The Green Carnation Prize 2013 Longlist

Some of you will have already probably heard the news that the Green Carnation Prize 2013 longlist, which celebrates LGBT writing, was announced earlier today. For the first year in the prizes four years I’ve actually not done been on the judging panel or indeed been involved in the judging process/discussions (I have been doing all the admin behind the scenes) so it has all been rather weird and also extremely exciting as I have been desperate to know what the longlist would be. Well, here it is…

  • Gob’s Grief – Chris Adrian (Granta Books)
  • Five Star Billionaire – Tash Aw (4th Estate)
  • Maggie & Me – Damian Barr (Bloomsbury)
  • Environmental Studies – Maureen Duffy (Enitharmon)
  • Fallen Land – Patrick Flanery (Atlantic Books)
  • Black Bread White Beer – Niven Govinden (The Friday Project)
  • The Sea Inside – Philip Hoare (4th Estate)
  • May We Be Forgiven – A. M. Homes (Granta)
  • The Kills – Richard House (Picador)
  • Fanny & Stella – Neil McKenna (Faber and Faber)
  • Almost English – Charlotte Mendelson (Mantle Books)
  • Far From The Tree – Andrew Solomon (Chatto & Windus)

What an eclectic mix! I have only read two and a half of these so far (loved the Barr, need to review the brilliant Govinden – though I have interviewed him – and am now reading the Homes, by coincidence. for book club this week) and so I have decided that I will try, when the mood takes, to read them before the shortlist is announced on November the 5th. You can find out about the longlisted titles in more detail here.

What do you think of the list? Which of these have you read and what did you make of them?

22 Comments

Filed under The Green Carnation Prize

22 responses to “The Green Carnation Prize 2013 Longlist

  1. Roger Park

    I’ve also read Damian Barr’s “Maggie and Me” and loved it. I’m also just a few pages from the end of Andrew Solomon’s “Far From the Tree” which I am finding fascinating but it’s also so in depth that it’s rather slow going at times. Certainly anyone with a child who suffers from one of the conditions he describes will find it invaluable. In my own case, my grandmother was deaf and so I found the opening chapter on deafness of great interest.

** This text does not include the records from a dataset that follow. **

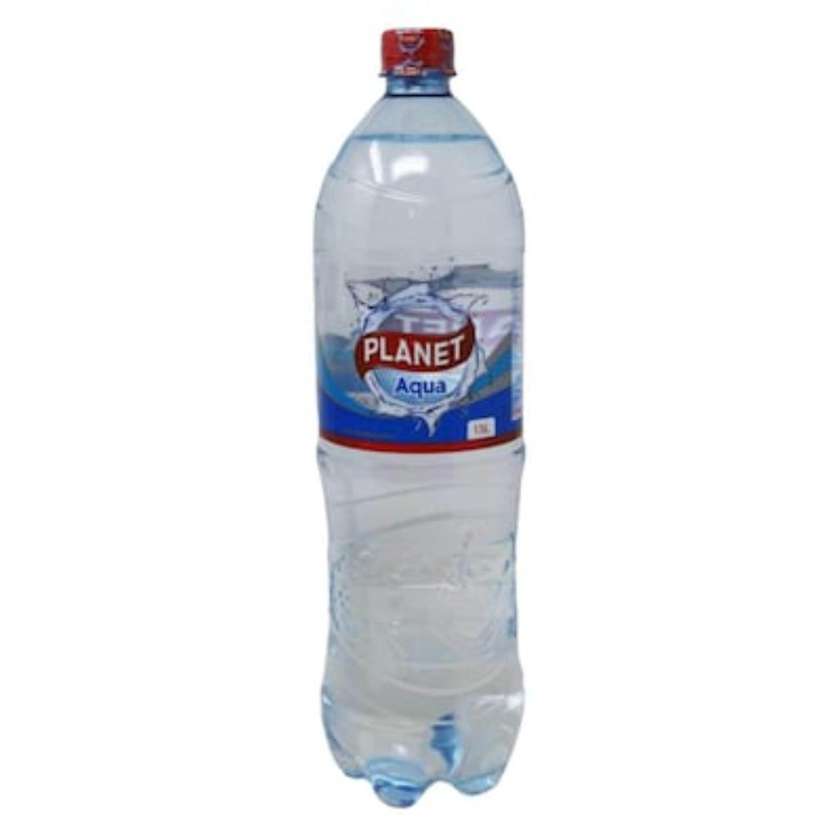 Agua 150cl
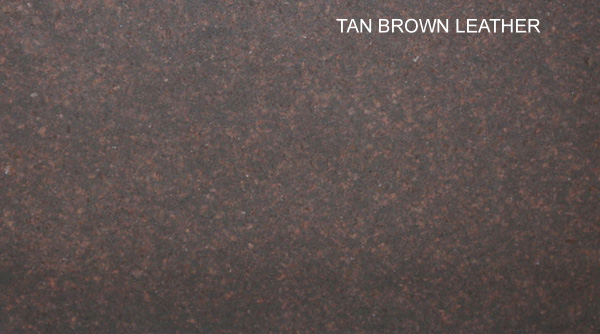 TB tan brown leather copia.jpg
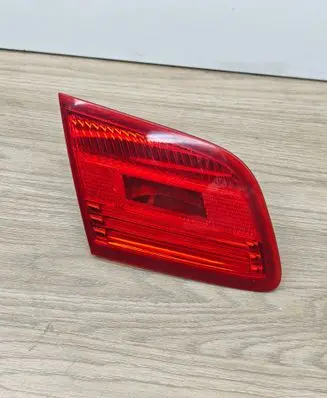 BMW 3 E92 E93 Tailgate rear/tail lights 7162299 480301 0000000009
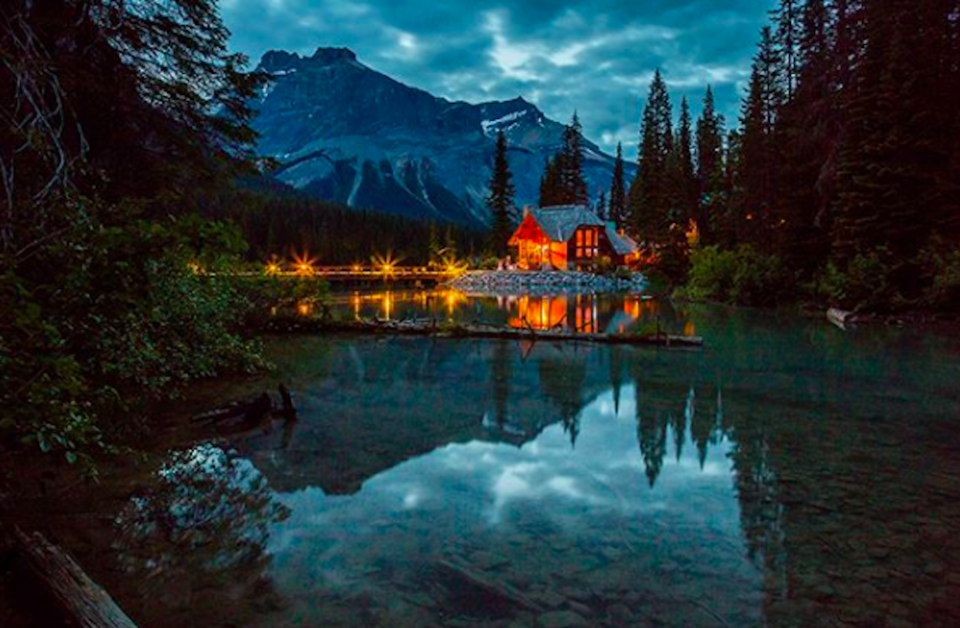 cozy-cabin-bc-emerald.jpg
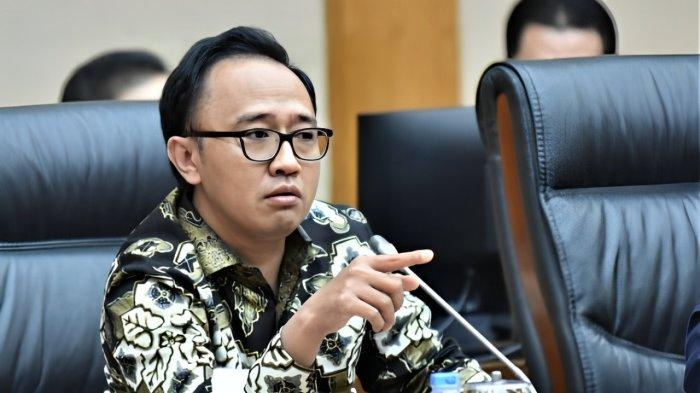 Menelusuri Jejak dan Kontribusi Bambang Haryadi di Daerah Pemilihan Jawa Timur IV
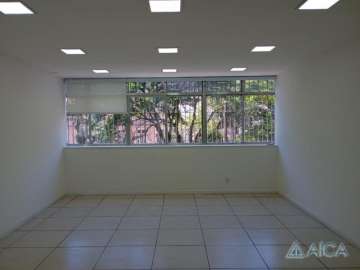 Sala para alugar em Centro, Petrópolis - RJ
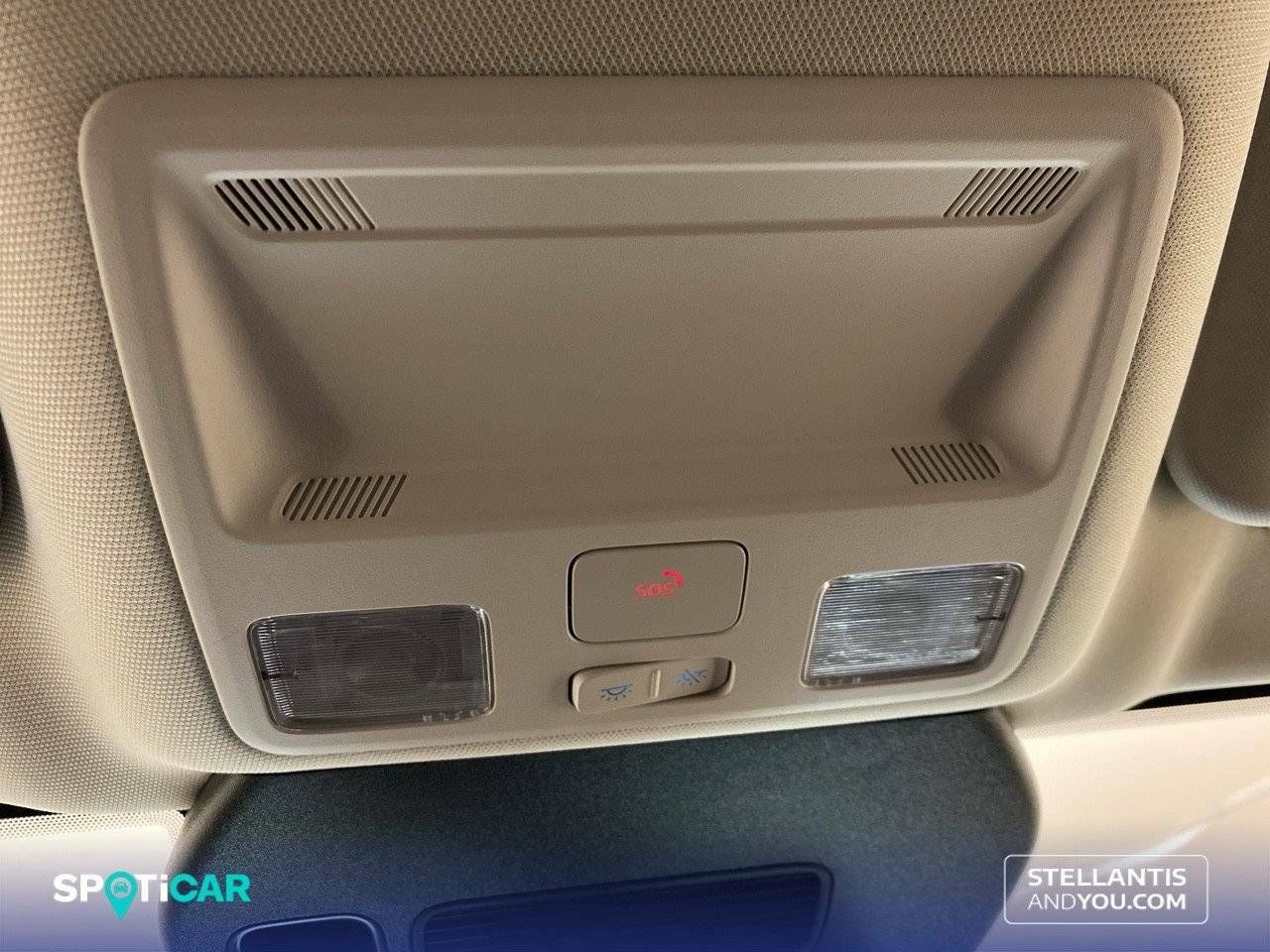 Foto Ford Kuga 25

  2. I’ve only read a few, but I absolutely loved Fallen Land. It’s one of my favorites so far this year – such a timely, uniquely creepy story.

  3. queenofthepark

    Homes’ novel was just brilliant, keen to hear what you think
    I have Almost English on my birthday TBR and I think it’s next up
    Didn’t persevere with Five star Billionaire. very long and didn’t hold me
    Some fascinating titles there

    • Alas as you will be able to see from my review on Friday I didn’t love the Homes as much as I hoped I would though I think her writing is incredible, there was just too much of it and too much going on in it. I adored Almost English, gorgeous book.

  4. David

    I’ve only read ‘Fallen Land’ (which I loved – a literary thriller that I thought was even better than ‘Absolution’) and ‘May We Be Forgiven’ (absolutely bonkers but I thought that was used to great effect to show how mad the modern world can be). I have copies of the other three Booker longlisters and the Govinden though I’m not sure when I’ll get around to them as I’m currently immersed in reading my way through this year’s Giller Prize longlist and trying to finish reading the Booker shortlist (plus there are a few new Australian novels that I really want to get to, including a new Alex Miller).

    ‘Gob’s Grief’ is an interesting inclusion – I bet there aren’t many instances of a book turning up on a prize list 12 years after initial publication!

    • Oooh I don’t know David, I think a few books have been longlisted long after they were first published Emma Donoghue’s The Sealed Letter was another a while back. Though I don’t think it is common, shows an additional plus to prizes though doesn’t it!

  5. I’ve read one of these and have two others on my shelf already. Looking forward to checking out the rest of them!

  6. I’ve read none of these. I’ve read plenty of vintage LGBT fiction, but I don’t think I have read anything current since I read Aciman’s Call Me By Your Name. This might be a good time to change that. (But two of those are enormous, I might steer clear of those.)

    • I liked Call Me By Your Name, though I have never looked at a peach the same way again – that is all I am saying. I will say though, if you want an LGBT ‘story’ not all of these have that, in fact not many do. I think you would LOVE Maggie and Me.

  7. The only one I’ve read is Far From the Tree, which was excellent. I rarely read nonfiction so the fact that I not only got through all 800 pages but enjoyed it really says something. The only other book on the list I’ve even heard of is May We Be Forgiven. I’ll have to check out some of the others!

  8. I actually gave up on the Homes and I rarely leave a book unfinished….

  9. what a diverse list this year ,all the best stu

  10. I’ve only read Maggie and Me, which I LOVED, so fingers crossed that wins. I want to read Fanny and Stella as well.